*** RECORDS PROVIDED Section Begins ***

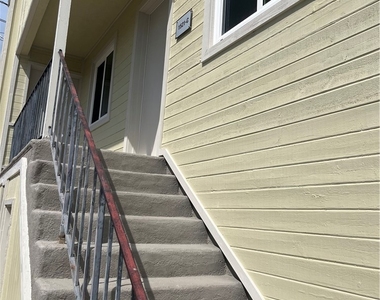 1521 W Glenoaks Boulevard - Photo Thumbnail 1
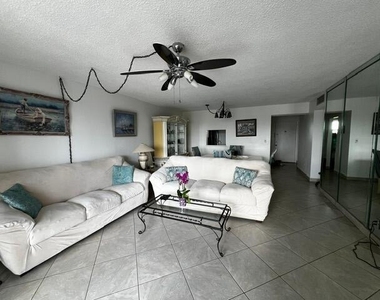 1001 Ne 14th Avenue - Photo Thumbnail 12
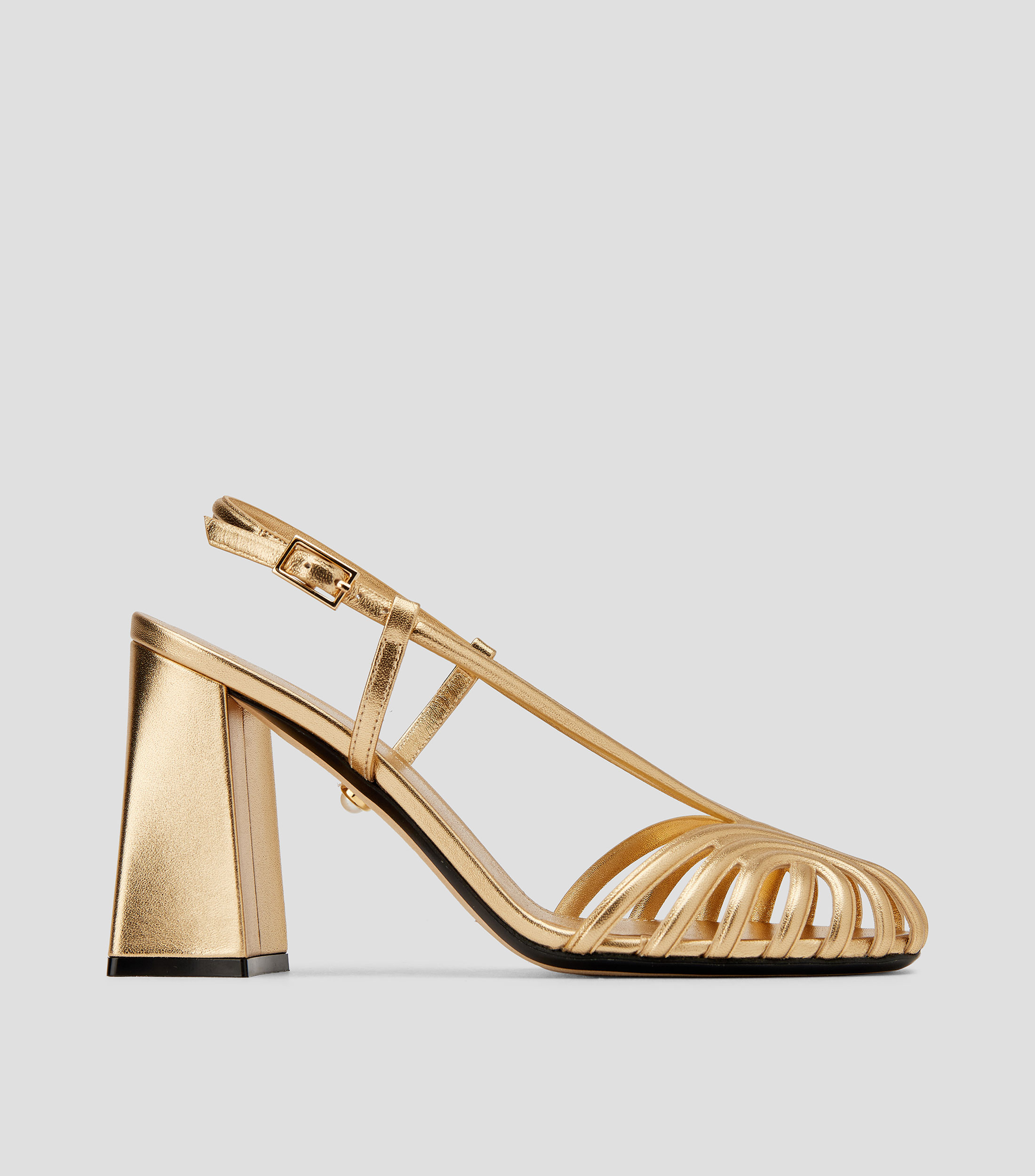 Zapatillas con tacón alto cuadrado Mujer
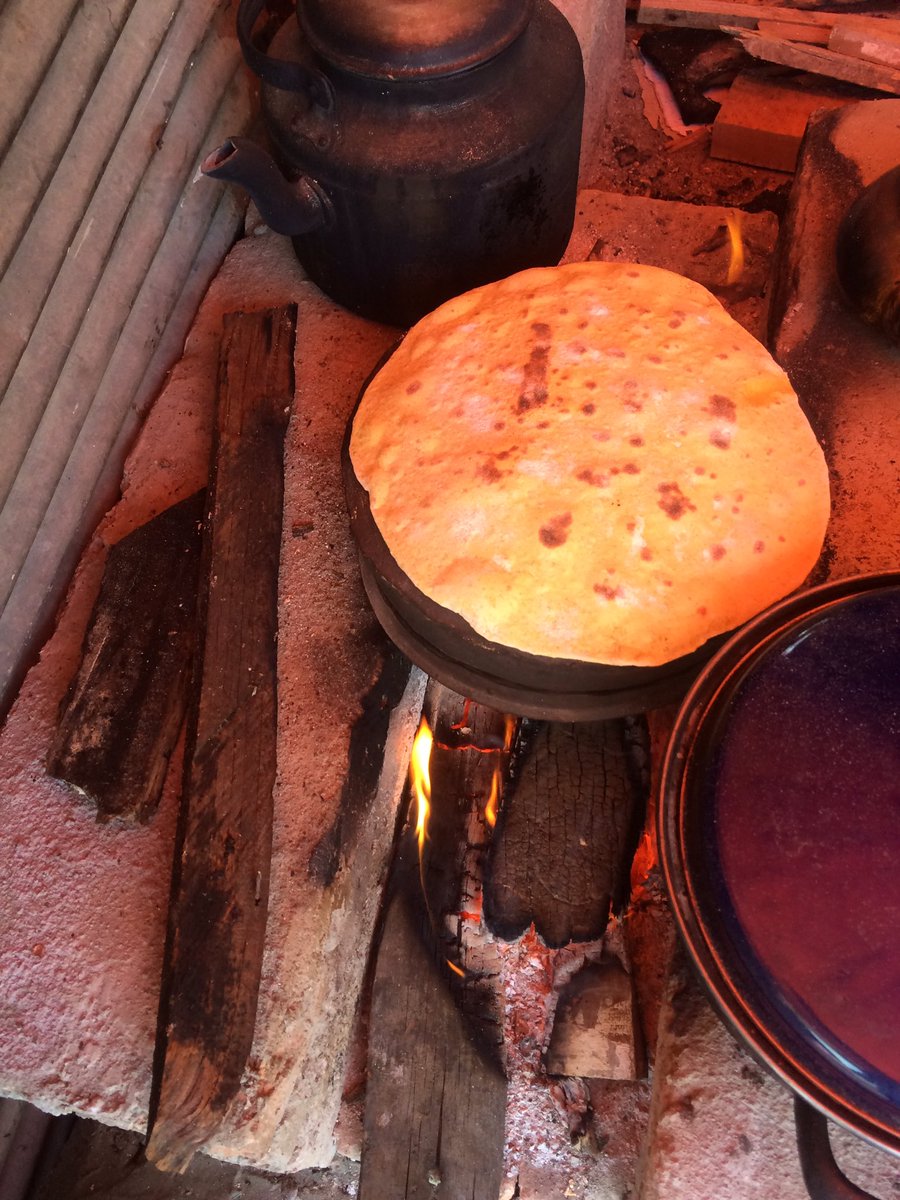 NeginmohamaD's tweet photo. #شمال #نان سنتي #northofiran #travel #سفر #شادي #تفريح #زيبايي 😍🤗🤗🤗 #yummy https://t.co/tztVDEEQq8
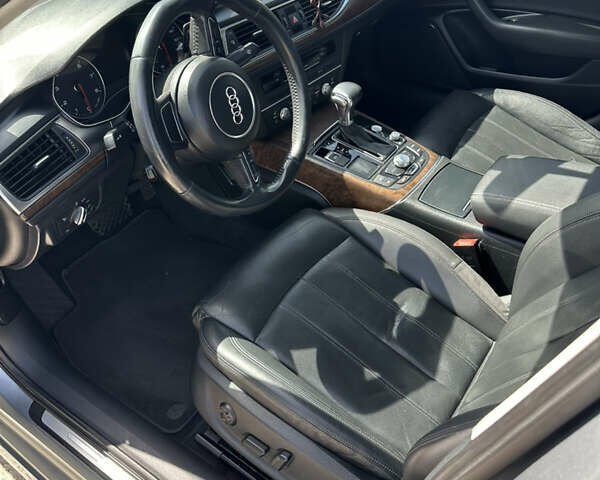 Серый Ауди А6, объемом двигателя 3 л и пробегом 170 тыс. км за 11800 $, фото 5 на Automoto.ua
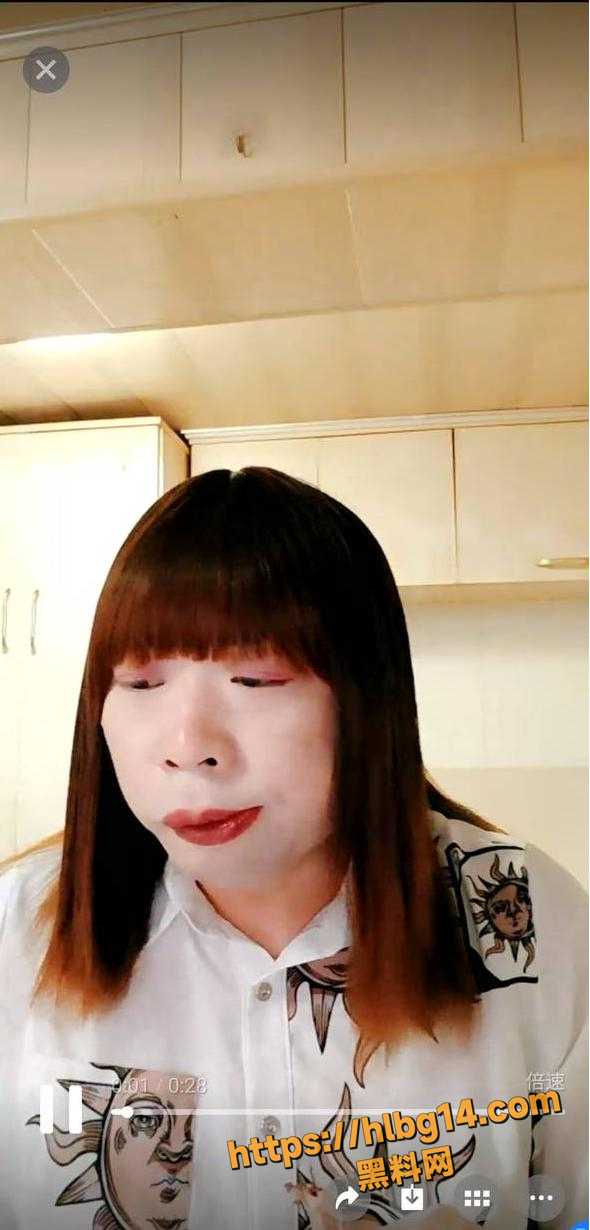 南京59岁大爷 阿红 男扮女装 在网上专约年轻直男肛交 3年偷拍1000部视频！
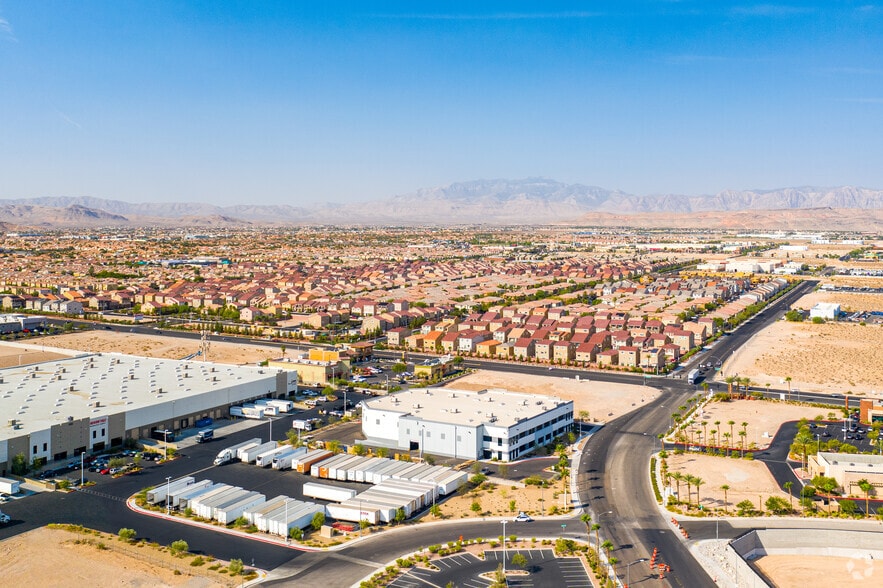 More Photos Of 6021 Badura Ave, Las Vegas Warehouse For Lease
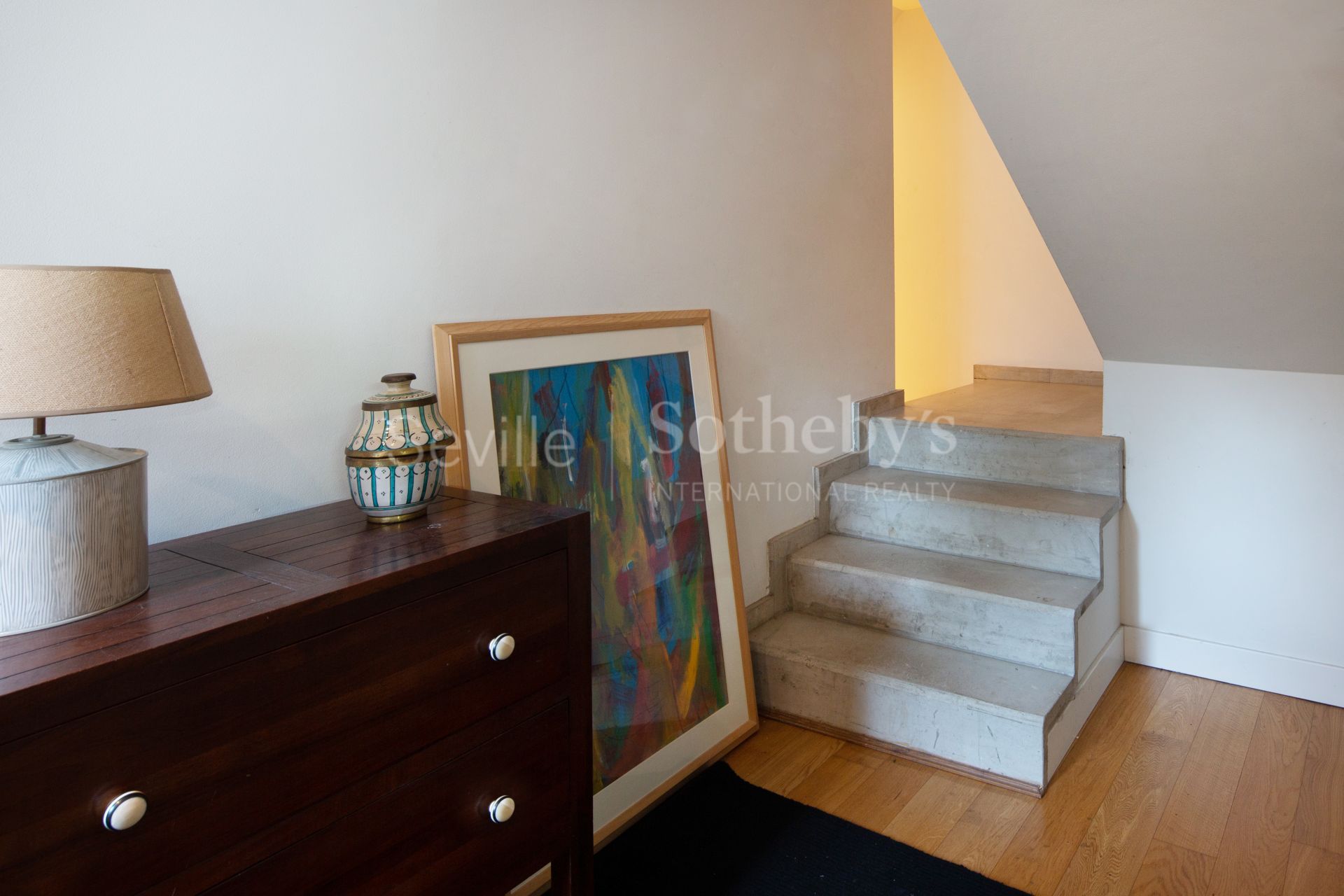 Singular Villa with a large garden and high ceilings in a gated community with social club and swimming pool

*** RECORDS PROVIDED Section Ends ***

→ THE TASK: Leave out the pictures and return, exactly as written, only the lines from the line with "More Photos Of" through the end of the records above.

→ EXERCISE SOLUTION:
 More Photos Of 6021 Badura Ave, Las Vegas Warehouse For Lease
 Singular Villa with a large garden and high ceilings in a gated community with social club and swimming pool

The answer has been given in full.